Mister Joe Humphreys told the Wakulla County Board of County Commissioners that the county's long-planned emergency radio upgrade is complete and now runs on a six-site simulcast system meant to improve coverage and agency interoperability.

"The project replaced a single site transmit and 3 site 3 individual tower site replay receive sites to a 6 site simulcast, which basically means all 6 sites transmit and receive at the same time," Humphreys said, describing the technical change that allows simultaneous transmission across the network. He said the county now has six towers in use (five owned by the county and one collocated on state property), that encryption was implemented to support law-enforcement information and HIPAA-sensitive transmissions, and that a rebuilt former system remains available as a backup.

Humphreys credited contractors and internal staff for a fast schedule and multiple technical challenges: the project brought four new tower sites from undeveloped land, added dual-core redundancy, dark fiber and microwave links, and created direct radio patches with Leon County and the City of Tallahassee for mutual-aid operations. He also said medical helicopters have radios programmed to talk directly to county ambulances and deputies, and that the system materially improved storm-response times in a recent event.

The presenter said the project was completed in roughly 14 months, that the service/maintenance term contract extends through about 2038, and that the county expects to pursue additional tenancy agreements (for example with the wildlife refuge) now that initial system bugs have been worked out.

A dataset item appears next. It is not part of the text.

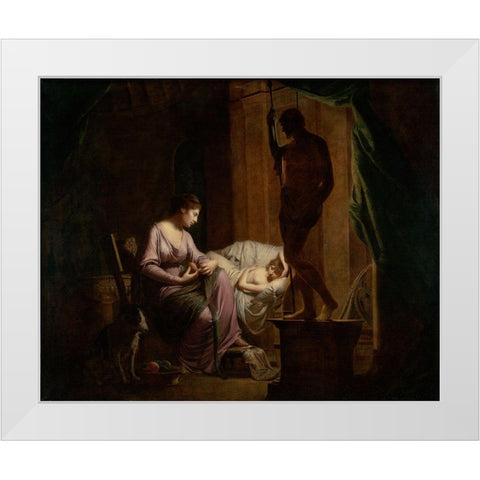 Penelope Unraveling Her Web White Modern Wood Framed Art Print by Wright, Joseph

Humphreys named Motorola and Tusa Consulting as lead vendors and acknowledged local contractors including United Towers, Anytime Electric and Keller Mechanical for site work.

Board members and staff praised dispatchers and first responders for their role in testing and adopting the system. No legislation or action items were required at the meeting; Humphreys invited commissioners to follow up with technical questions and said staff will continue negotiating tenancy and service agreements as appropriate.